PROBLEM DETAILS: Take the lines below from the one with "Hot Plastic Magic" through the one with "fit for rent" and print only them, exactly. Don't print the pictures.
--- INPUT MATERIAL Enclosed Below ---
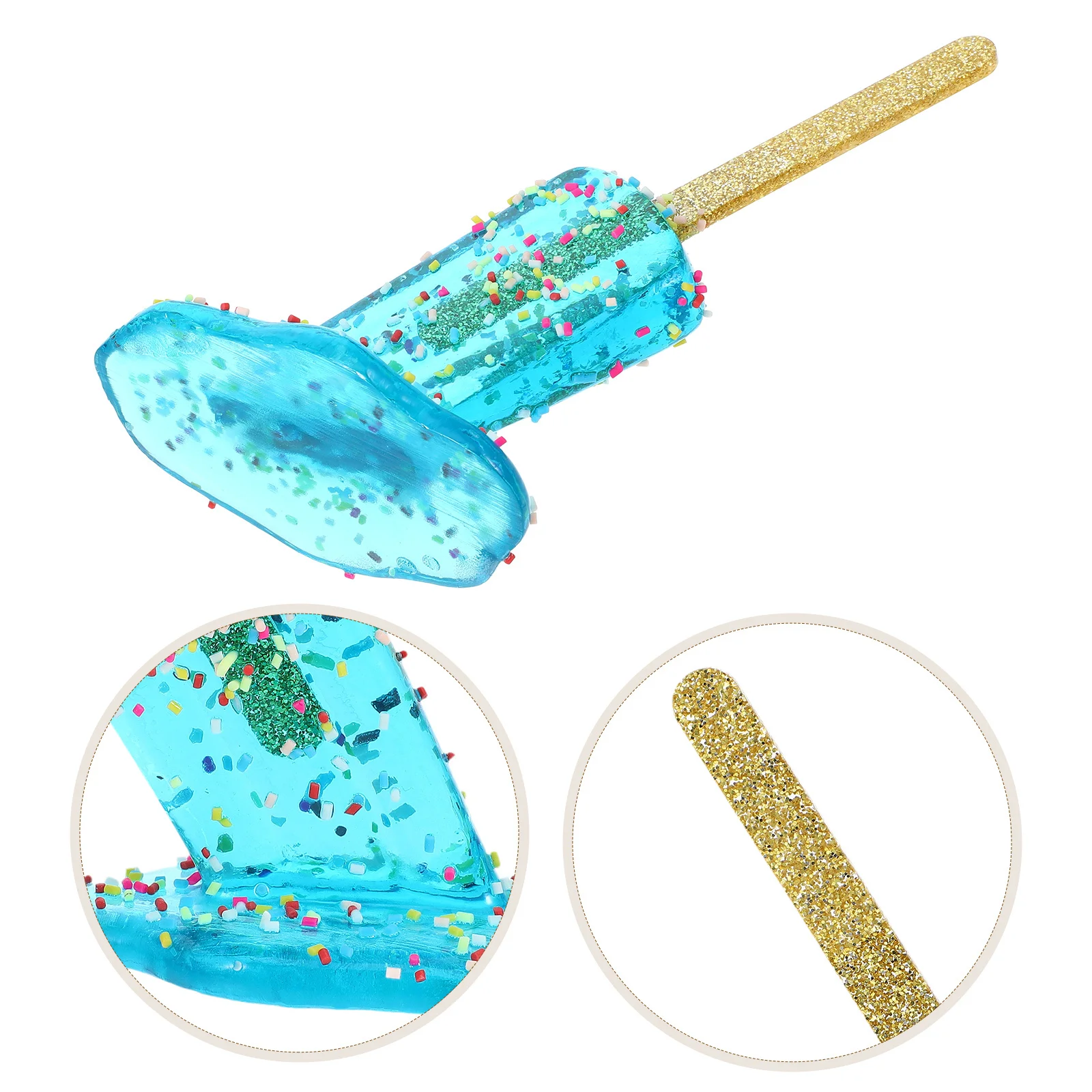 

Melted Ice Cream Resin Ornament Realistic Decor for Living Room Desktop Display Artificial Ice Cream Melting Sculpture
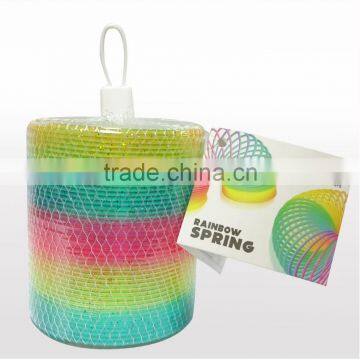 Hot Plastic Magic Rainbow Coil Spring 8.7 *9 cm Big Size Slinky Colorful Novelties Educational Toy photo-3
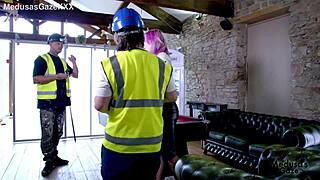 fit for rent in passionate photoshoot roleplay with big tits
--- End of Enclosed INPUT MATERIAL ---
--- INPUT MATERIAL Enclosed Below ---
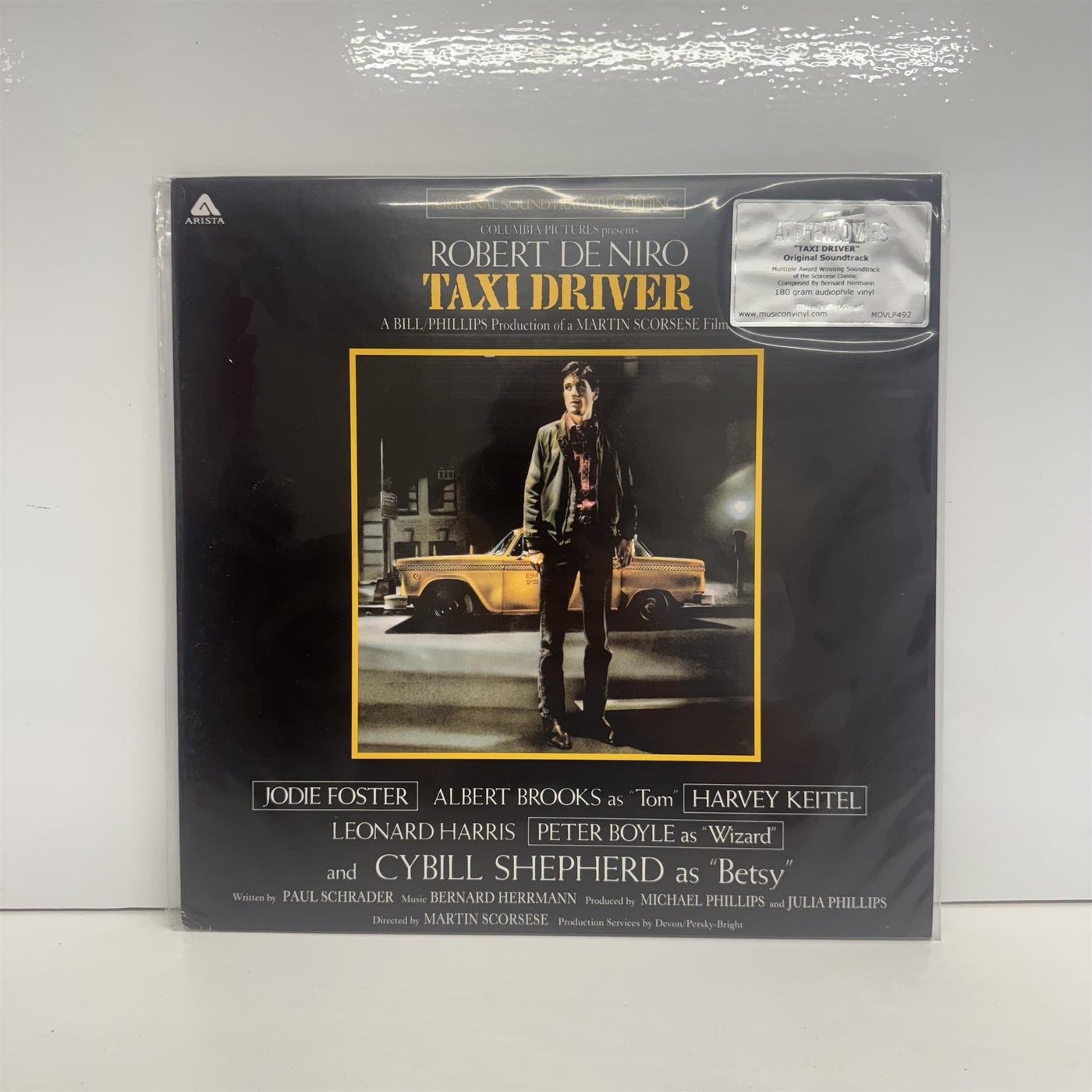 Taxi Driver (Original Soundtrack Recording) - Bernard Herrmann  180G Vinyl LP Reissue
--- End of Enclosed INPUT MATERIAL ---
--- INPUT MATERIAL Enclosed Below ---
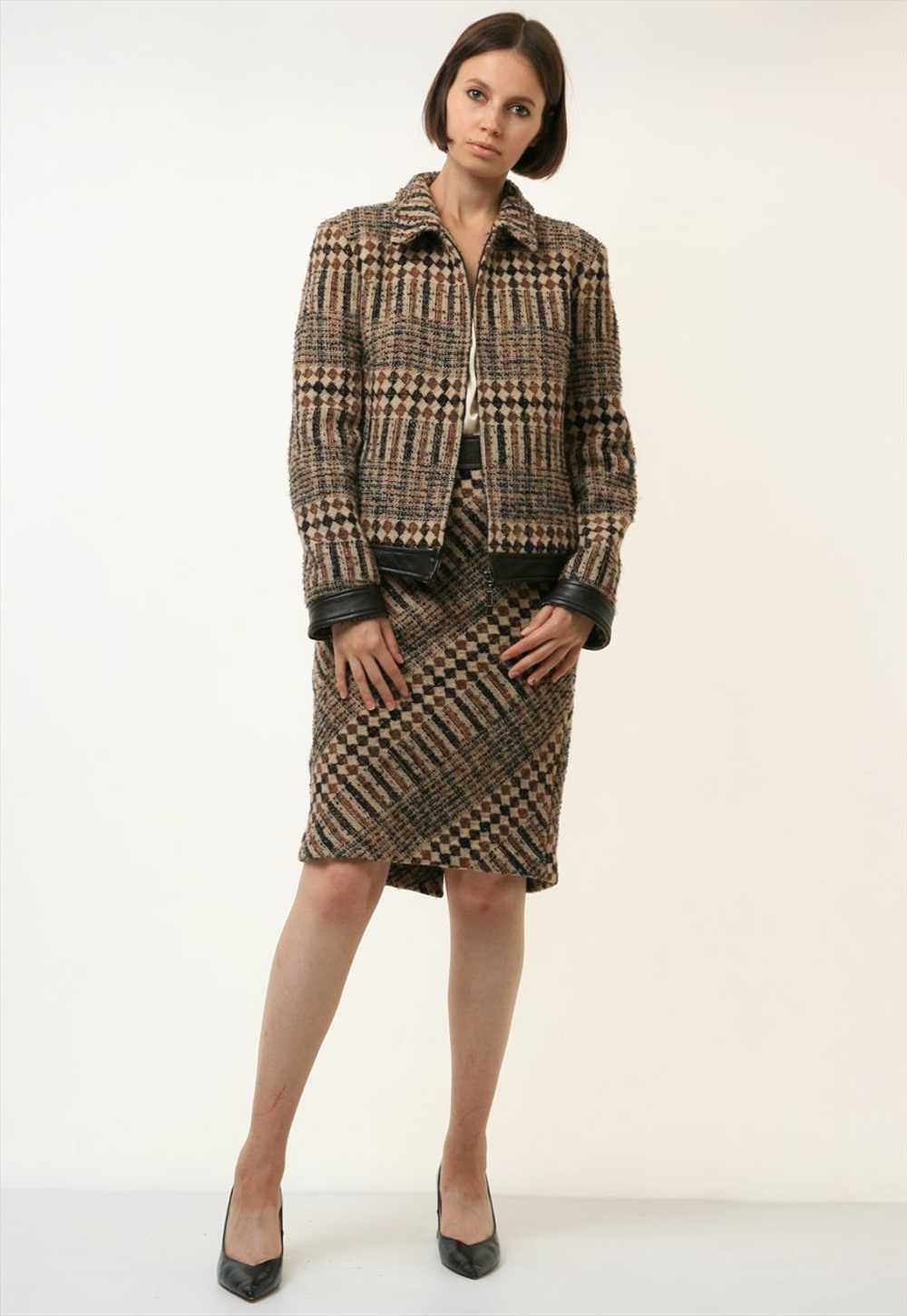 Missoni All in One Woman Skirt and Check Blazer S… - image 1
--- End of Enclosed INPUT MATERIAL ---
ANSWER TO THIS TASK:
 Hot Plastic Magic Rainbow Coil Spring 8.7 *9 cm Big Size Slinky Colorful Novelties Educational Toy photo-3
 fit for rent in passionate photoshoot roleplay with big tits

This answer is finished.